Le statut de la femme a constitué, depuis toujours, un sujet de préoccupation dans la société algérienne et d’autres sociétés du reste du monde. Cela se justifie par la place qu’elle occupe dans la société et surtout par le rôle qui est le sien dans le cadre de l’épanouissement de la cellule familiale et surtout de la société. Ce statut fait apparaitre des spécificités socioculturelles importantes liées aux modes de vie des communautés, à leurs cadres naturels de vie et de certaines contingences exogènes. Son évolution part toujours d’un héritage historique propre à chaque région. Parmi ces femmes qui ont pu marquer de leur épreinte l’histoire de notre pays, Sakina Ayoub. une jeune femme qui a défié la dureté du désert pour marquer l’histoire à l’échelle nationale et même internationale. Elle était d’une aide précieuse au projet national du parc culturel de l’Ahaggar. A titre amateur, et par amour grandiose à son lieu de naissance, elle prenait son appareil-photo et photographiait toutes les espèces rares existantes dans la nature.
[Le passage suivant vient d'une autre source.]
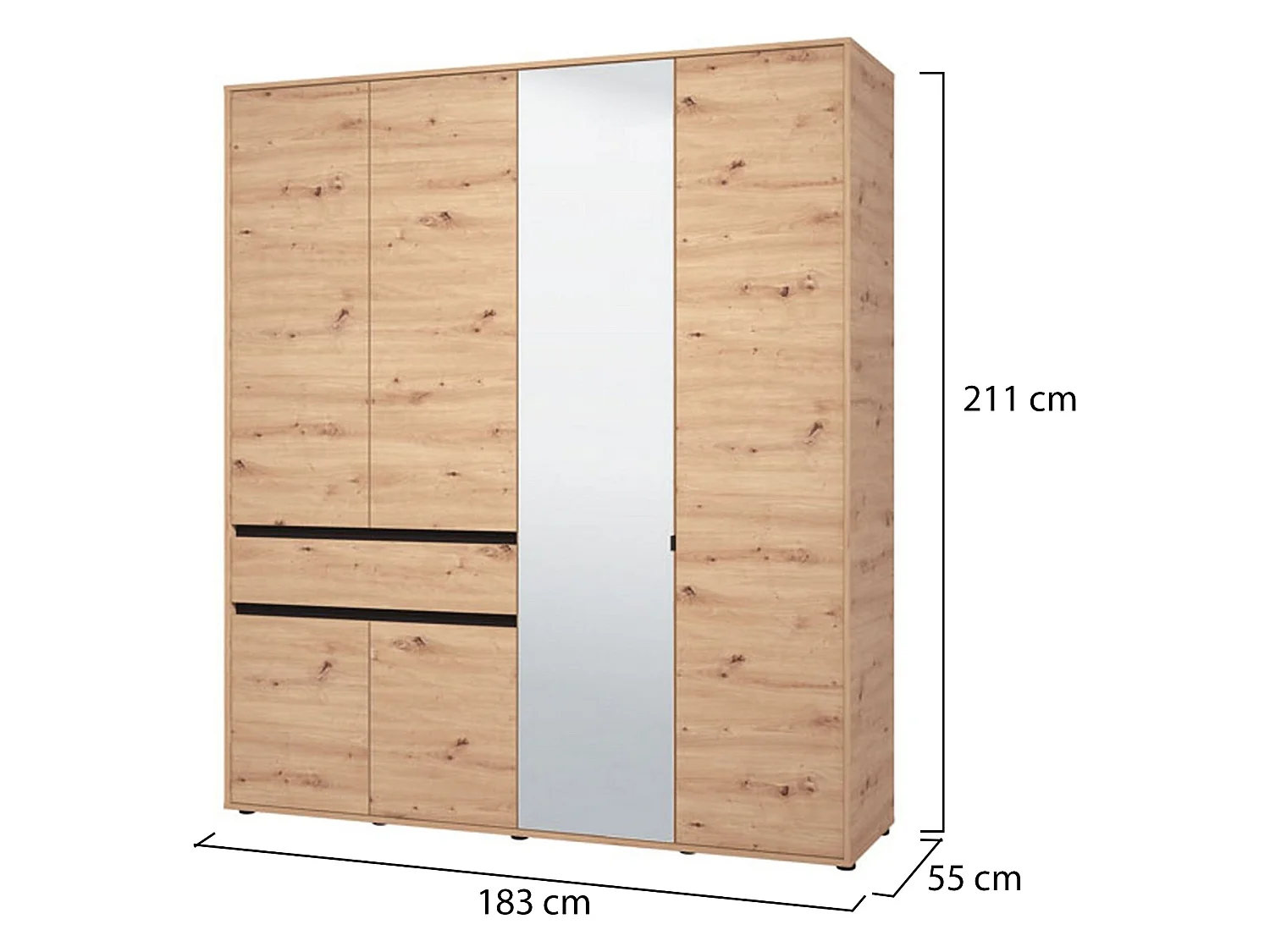 Großer Kleiderschrank Rifreddo, 4 Regalböden, 183x211h cm Braun Eiche Astknoten, Schlafzimmerschrank, 1 Schublade, Kleiderstange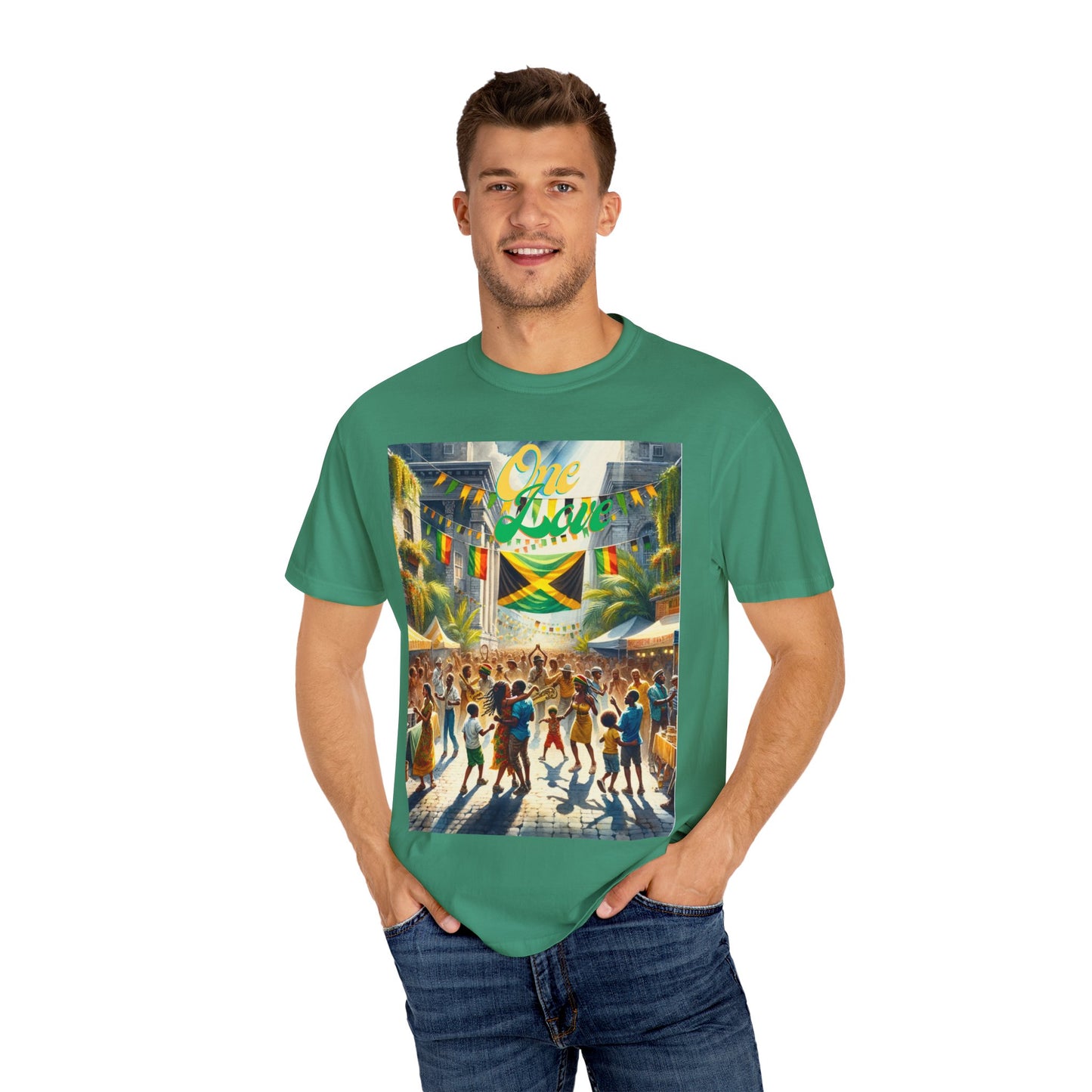 Unisex Garment-Dyed T-shirt one Love celebrating Jamaica Independece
Sakina ayoub s’est intégrée dans le projet, sans savoir que ce dernier allait changer sa vie pour toujours et que son histoire allait être contée à l’échelle nationale et même à l’internationale.
Trente-quatre ans, mère de  4 enfants, timide, réservée et pudique, sakina n’oublie pas de montrer sa beauté targuie ; maquillage simple, les ongles faits, le visage encadré de son voile traditionnel «El melhfa». elle s'exprime d'une façon à la fois nonchalante et assurée. Elle nous confie que son niveau scolaire n’a pas dépassé la 6ème année primaire, mais ses ambitions, sa détermination, son intelligence et sa volonté font l’équivalent d’une personne ayant suivi des études supérieures. «je regrette de ne pas avoir eu la chance de poursuivre mes études que j’aimait beaucoup. Le 7ème année moyen n’existait pas dans la région où je suis née», a-t-elle confié avec beaucoup d’émotion,  précisant que pour le faire, il fallait se déplacer à Tamanrasset. Mais cela n’était pas possible par-ce qu’elle n’avait aucune famille ou proche pour l’abriter. Cela n’a jamais était un handicap pour sakina et  n’a jamais diminué de sa volonté pour faire autre chose et laisser son empreinte à jamais.
K. A. A.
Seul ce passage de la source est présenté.